One of the colony’s settlers, Samuel Maverick, also brought with him three African slaves, a man and two women . . . the first in the New England colonies. While Gorges’ colony also failed, Maverick, his slaves and a few other colonists remained but later they all relocated to Boston after the colony there had been established. According to a 1671 book by an English traveler to Boston, John Josselyn, Maverick also attempted to breed his slaves and sell their offsprings.
Today’s rewriting of history, the “1619 Project” in particular, would have one believe that the first black slaves in America were the Africans brought to Virginia that year. Those Africans, however, were actually slaves who were being taken to the colonies in Latin America by a Portuguese slaver. Following the slave ship’s capture in the Caribbean by a British privateer, they became indentured servants after being taken to Jamestown and were thus able to gain their freedom after a period of servitude.
This was not the case in relation to the three black slaves brought to New England by Samuel Maverick four years later. They not only remained slaves but became the forerunners of both the North’s large slave population and the New England slave trade started by Maverick that was expanded into a major industry by those who followed him. Many of the later slave traders were prominent figures in New England’s early history, such as Jonathan Belcher, a Harvard graduate who was the colonial governor of Massachusetts and New Hampshire from 1730 to 1741 and later the governor of New Jersey from 1747 to 1757.
Another Bostonian who made his fortune in the African slave trade was Peter Faneuil. He later became one of the colony’s leading philanthropists who donated the market hall bearing his name to the city in 1740. That building became the venue for secessionist meetings held prior to the Revolutionary War and is now dubbed America’s “Cradle of Liberty.”
The Cabot family, one of the best known and most highly respected names in Boston, also derived much of its fortune from the slave trade stared by John Cabot and his son Joseph in the Eighteenth Century. The shipping of slaves from Africa, as well as the transport of rum and opium, was later carried on by Joseph’s three sons until the Atlantic slave trade officially ended on January 1, 1808.
While not a slave trader, John Winthrop, one of the founders of the Massachusetts Bay Colony and its governor for twelve years, did own slaves and in 1641, he served on the committee that wrote the colony’s first guiding laws, the Body of Liberties, a section of which legalized slavery in Massachusetts.
In regard to the connection between slavery and New England’s institutions of higher learning, all four of the area’s colonial colleges, including New College (Harvard) in Boston, had such involvement. At Harvard, beginning with its initial schoolmaster, Nathaniel Eaton, at whose home in Boston were held the college’s first classes, many of the administrators, faculty members and staff, as well as students, owned slaves in the Seventeenth and Eighteenth Centuries. Three of the colony’s governors who served as Harvard’s overseers, John Winthrop, John Leverett and Joseph Dudley, also owned slaves, as did John Hancock, the first to sign the Declaration of Independence in 1776, who was the school’s treasurer from 1773 to 1777.

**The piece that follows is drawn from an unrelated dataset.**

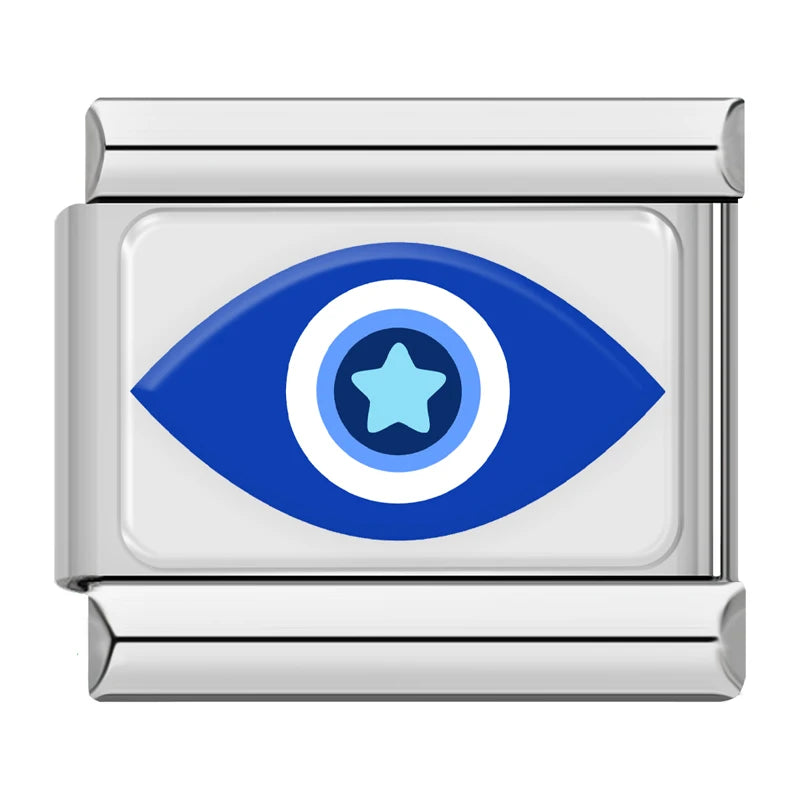 Star Evil eye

Furthermore, some of Harvard’s major donors were not only large slave owners, but slave traders as well. Among these was Isaac Royall who founded the professorship that later served as the foundation for the Harvard Law School. Royall owned over sixty slaves in Massachusetts and with his father, many more at plantations on Antigua in the West Indies. Three other donors in the slave trade who also ran plantations in the Caribbean were James, Thomas and Samuel Perkins. Their contributions began Harvard’s School of Divinity.
Even though the primary benefactor of the Collegiate School (Yale University) in Connecticut, Boston-born Elihu Root, neither owned any slaves nor profited personally from their sale and was even opposed to the practice, he had been deeply involved. During his term as president of the British West Indies Company’s Fort George facility in India from 1687 to 1692, Yale had been responsible for managing the company’s extensive slave trade. On the other hand, the founder of Dartmouth College in New Hampshire Province, Eleazar Wheelock, did own about twenty slaves and his wife Maria Suhm’s grandfather, the Danish governor of Saint Thomas in the West Indies, both traded in slaves and had many working on his vast plantation there.

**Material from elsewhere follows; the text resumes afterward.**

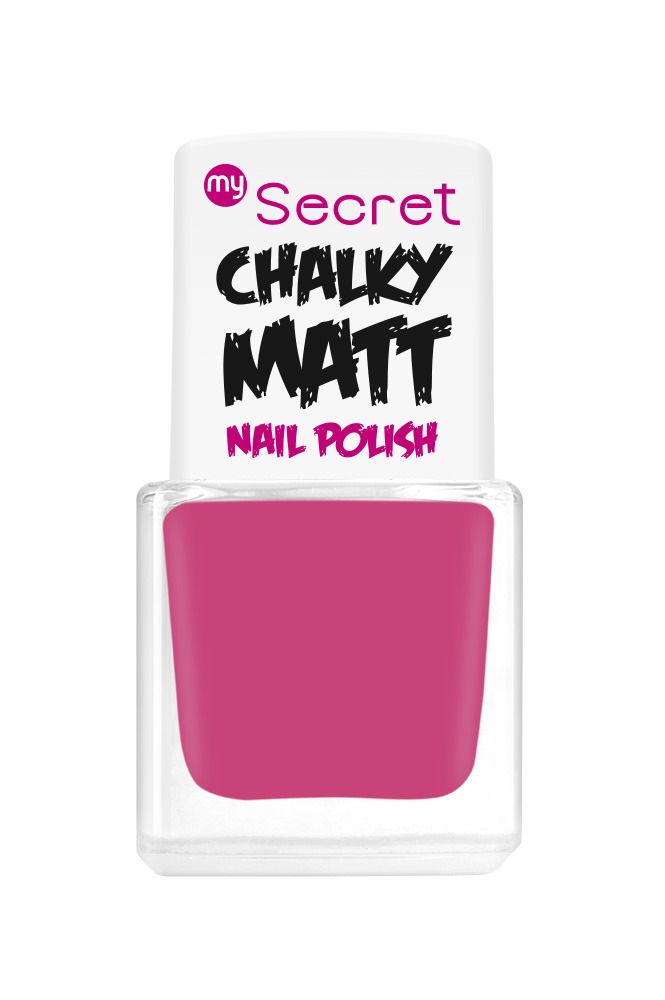 _My_Secret_Chalky_Matt_nail_polish_240_Pink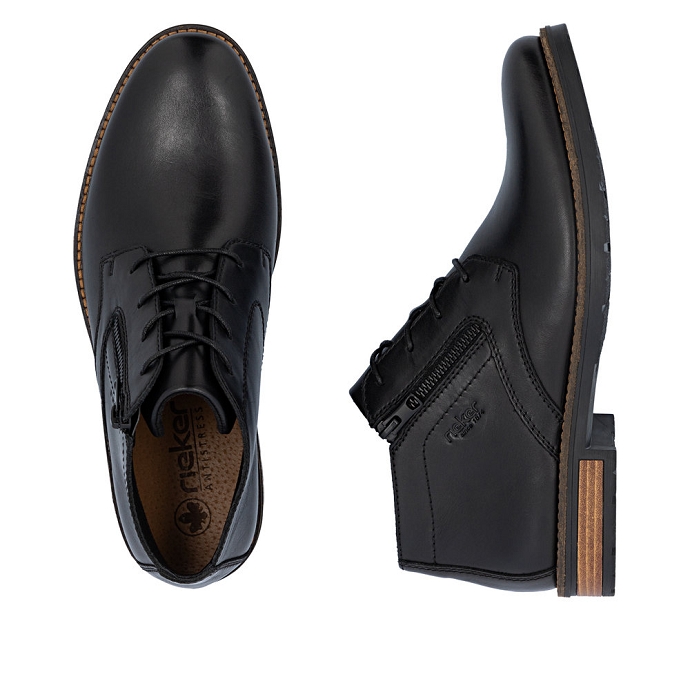 Rieker boots 14609.00 noir2501201_3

Perhaps the best example of a colonial college slave connection would be the College of Rhode Island (Brown University). That institution was founded in 1769 by and later named for New England’s most prominent slave traders, six brothers from Providence, James, Obadiah, Nicholas, John, Joseph and Moses Brown. The Brown brothers’ vast shipping company, the largest in New England, pioneered the infamous “Atlantic triangle trade” that carried rum and other goods from New England to the west coast of Africa, there to be traded for slaves that were transported back to South and North America for sale. The initial college buildings in Rhode Island were also built with slave labor and many connected with the school were either large slave owners or captains of slave ships.
Such history clearly shows that America’s first actual slaves were not those who were brought to Virginia in 1619 and became indentured servants there, but the ones in Massachusetts who remained slaves. History also indicates that it was the ships from New England’s ports, not any from the South, that carried their human cargoes from Africa to America for well over a century. A closer look at history would further reveal that, unlike the North, there was no actual slavery in the South until the mid-Seventeenth Century . . . July 9, 1640, to be precise.

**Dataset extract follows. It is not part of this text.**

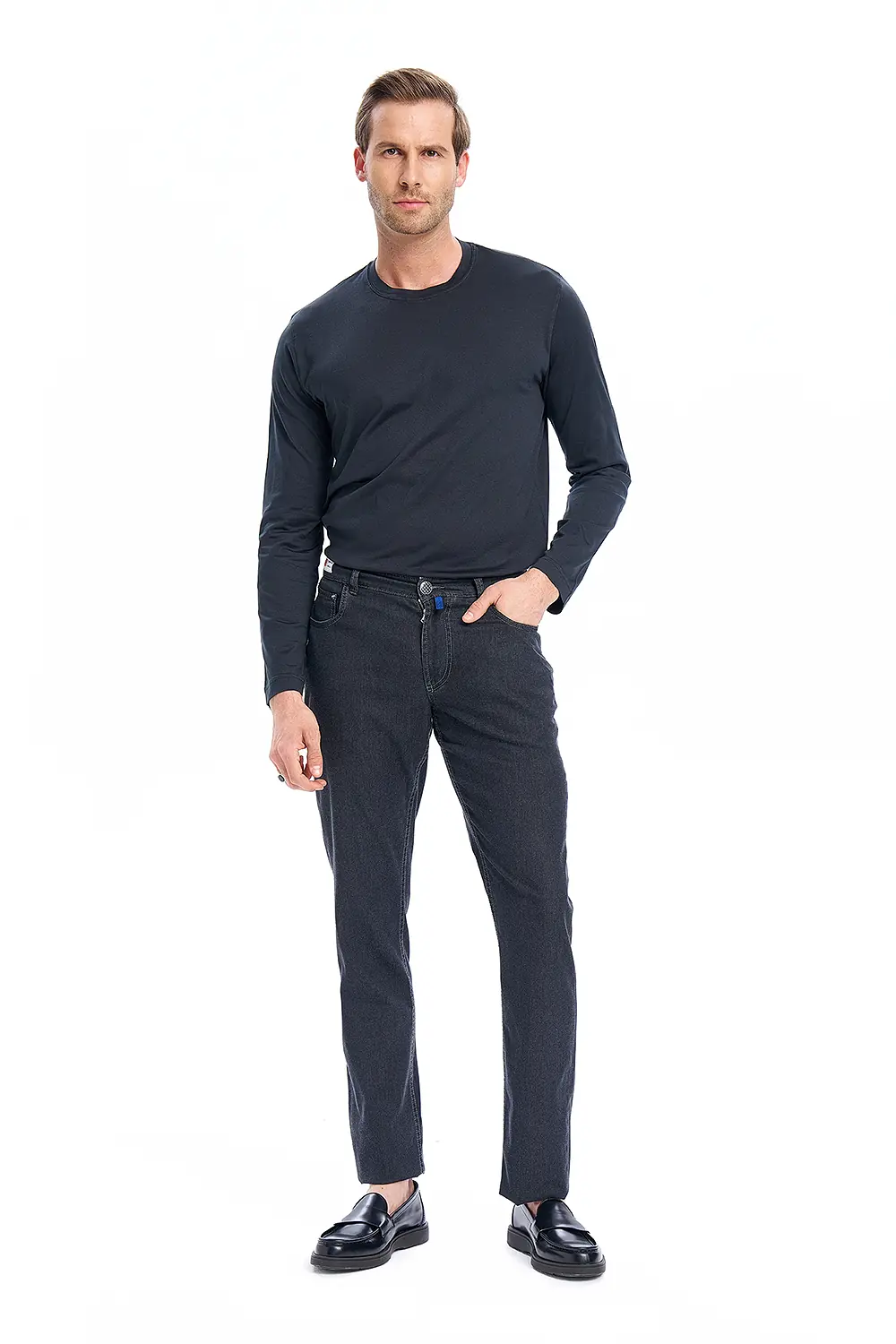 Jean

On that date, an African indentured servant on a plantation owned by Hugh Gwyn, a member of Virginia’s House of Burgesses, was brought before the General Court of the Virginia Governor’s Council after running away to Maryland with two white servants. As punishment for their action, the two white servants were ordered to be given thirty lashes and to have their indentures extended for several years. The black servant, John Punch, was not only whipped thirty times but, unlike his white companions, was sentenced to serve Gwyn for “the time of his natural life.” Therefore, John Punch, fairly or not, became the South’s first legal slave.
As a sidebar, a similar court action involving another black indentured servant took place in Virginia fourteen years later. In that case, however, the servant, John Casor, merely refused to have his indenture extended and left to work for someone else. Casor’s original master, Joseph Johnson, sued the new employer and not only was Casor returned to Johnson, but the court also ordered that he remain in his master’s service for the rest of his life.
The primary difference in the Casor case, however, was that Johnson had formally been a black indentured servant himself and was one of the Africans brought to Jamestown in 1621. After gaining his freedom in 1634, Johnson purchased a large tract of land in Virginia and acquired five indentured servants, both black and white, one of whom being John Casor. In that 1654 court action, Johnson became the first of America’s many black slave owners and in time, about twelve per cent of Virginia’s free blacks owned slaves. By 1830, the U. S. census showed that at least ten thousand slaves throughout the nation were owned by free blacks.
Harvard’s introspective public soul searching and its large-scale funding to whitewash its black past may appear to be a sincere means of correcting the university’s long history of slavery and discrimination, but it is in reality merely another Northern act of faux contrition in relation to such matters. While those in the North may sometimes point a finger of mock self mortification at themselves, they still continue to cast the real blame for the roots of slavery and racism upon the South.
Moreover, those in the North, particularly in the field of education, also adamantly refuse to admit that the terrible war the North waged against the South a century and a half ago was not one to free the Southern slaves. Nor was the conflict even to preserve the Union, but one merely to save the federal tax base, as well as the economic life of the Northern states in which slave labor could no longer provide a legal or viable work force.